● **Data excerpts**
═══
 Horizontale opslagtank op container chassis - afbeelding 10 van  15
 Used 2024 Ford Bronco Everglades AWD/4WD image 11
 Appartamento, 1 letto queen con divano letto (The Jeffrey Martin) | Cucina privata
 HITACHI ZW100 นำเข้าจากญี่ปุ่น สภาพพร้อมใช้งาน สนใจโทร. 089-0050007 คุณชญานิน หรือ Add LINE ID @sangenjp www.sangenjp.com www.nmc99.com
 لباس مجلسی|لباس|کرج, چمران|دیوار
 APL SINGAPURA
═══
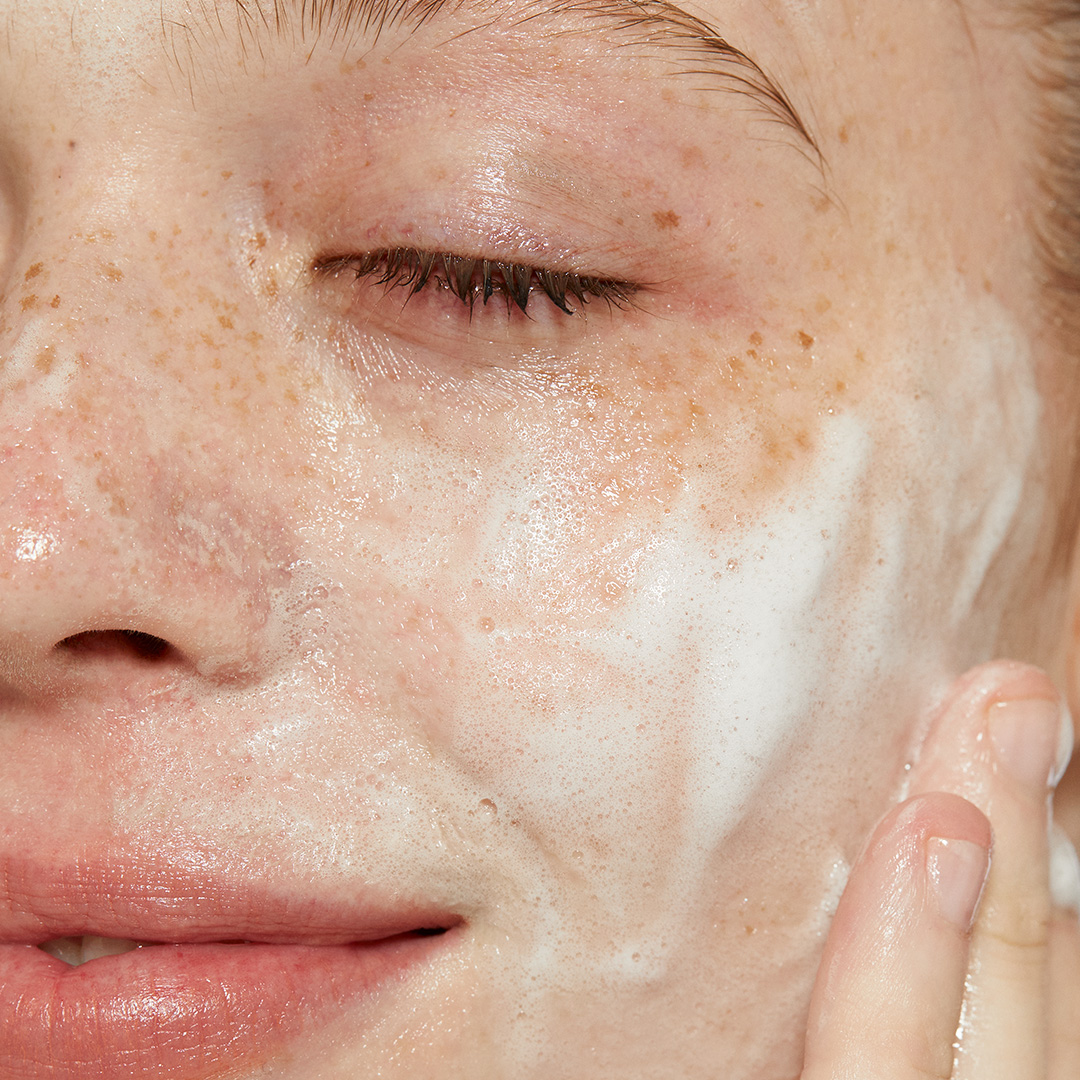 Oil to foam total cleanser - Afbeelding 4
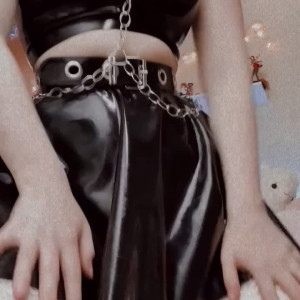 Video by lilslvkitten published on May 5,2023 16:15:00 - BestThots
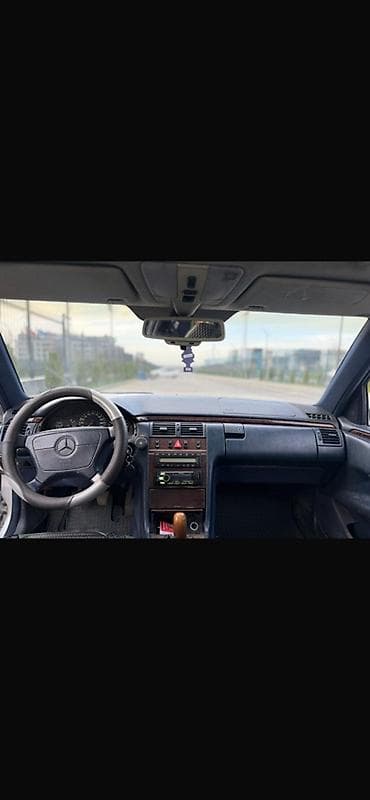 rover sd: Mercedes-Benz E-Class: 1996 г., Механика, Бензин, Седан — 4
═══
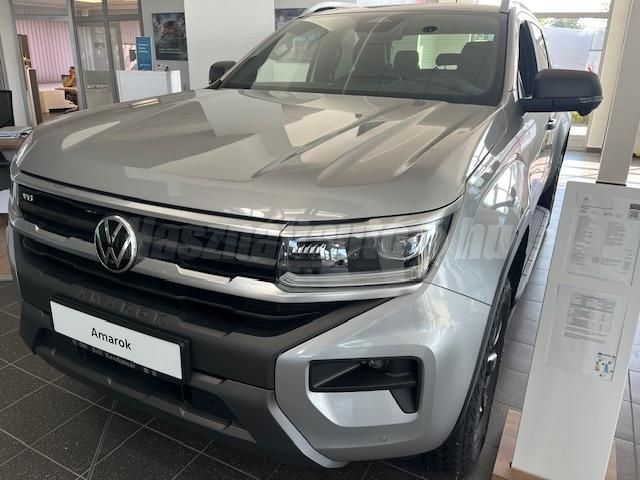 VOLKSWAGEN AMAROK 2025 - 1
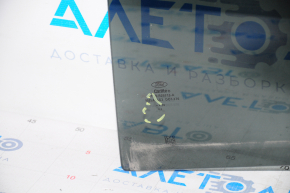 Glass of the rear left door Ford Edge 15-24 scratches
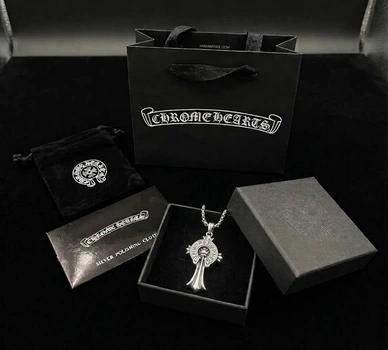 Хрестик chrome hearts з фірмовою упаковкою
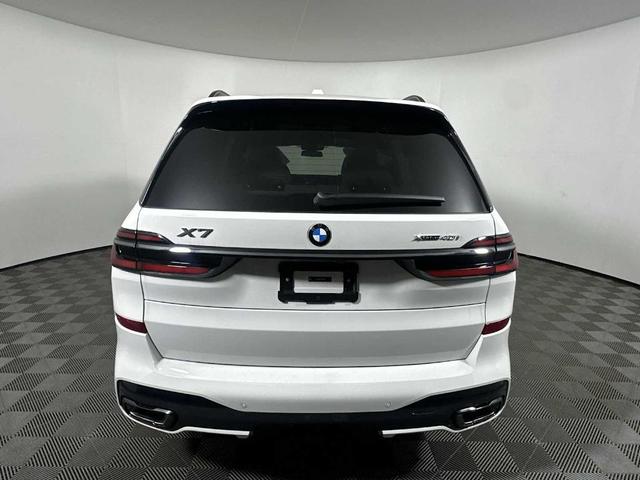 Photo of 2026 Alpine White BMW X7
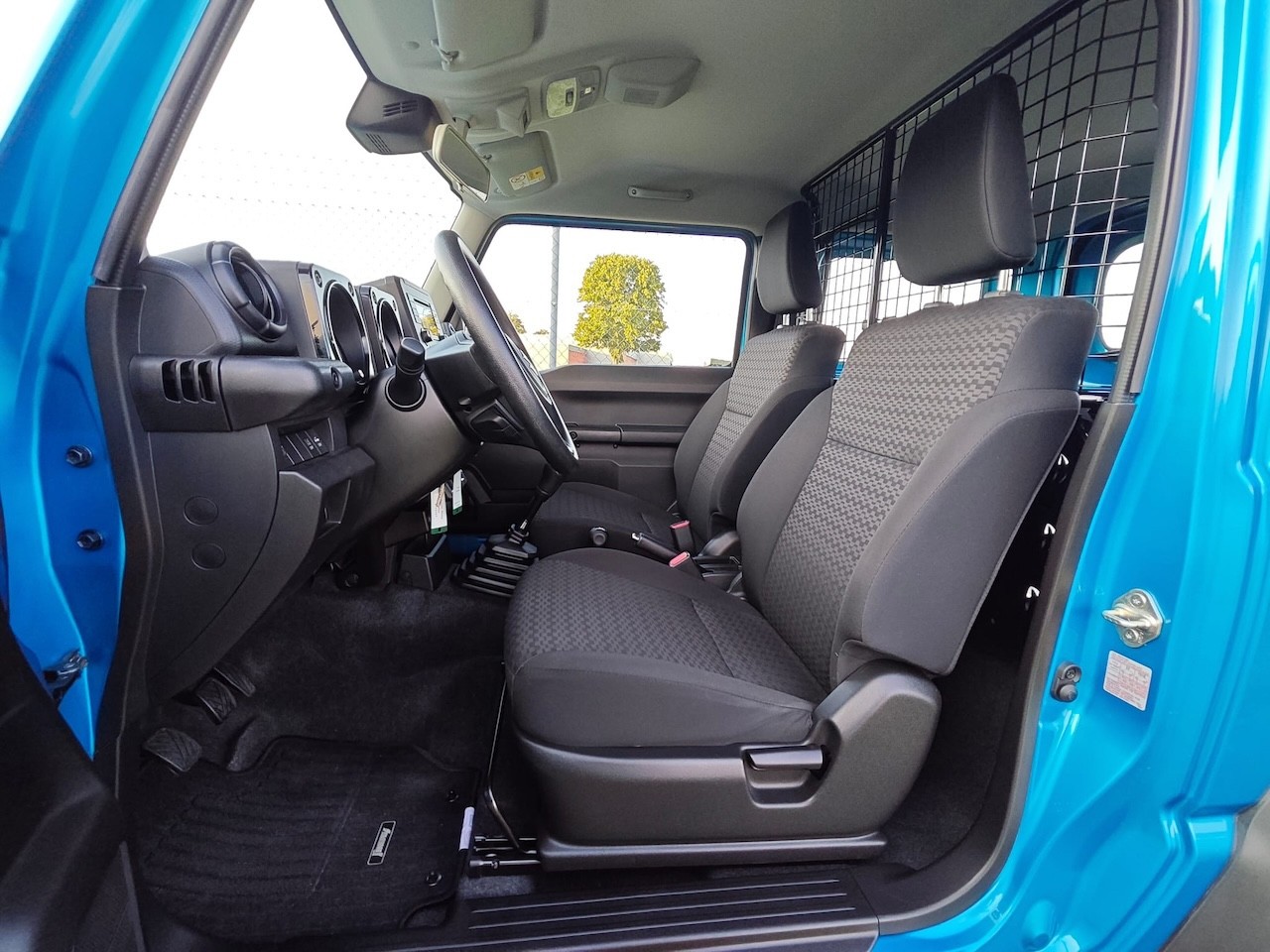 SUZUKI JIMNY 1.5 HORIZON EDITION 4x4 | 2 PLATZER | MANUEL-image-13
═══
● **Task statement**
From the records above, transcribe exactly the run of lines that opens with the line holding "Used 2024 Ford" and closes with the line holding "APL SINGAPURA", both included.

● **Exercise solution**
 Used 2024 Ford Bronco Everglades AWD/4WD image 11
 Appartamento, 1 letto queen con divano letto (The Jeffrey Martin) | Cucina privata
 HITACHI ZW100 นำเข้าจากญี่ปุ่น สภาพพร้อมใช้งาน สนใจโทร. 089-0050007 คุณชญานิน หรือ Add LINE ID @sangenjp www.sangenjp.com www.nmc99.com
 لباس مجلسی|لباس|کرج, چمران|دیوار
 APL SINGAPURA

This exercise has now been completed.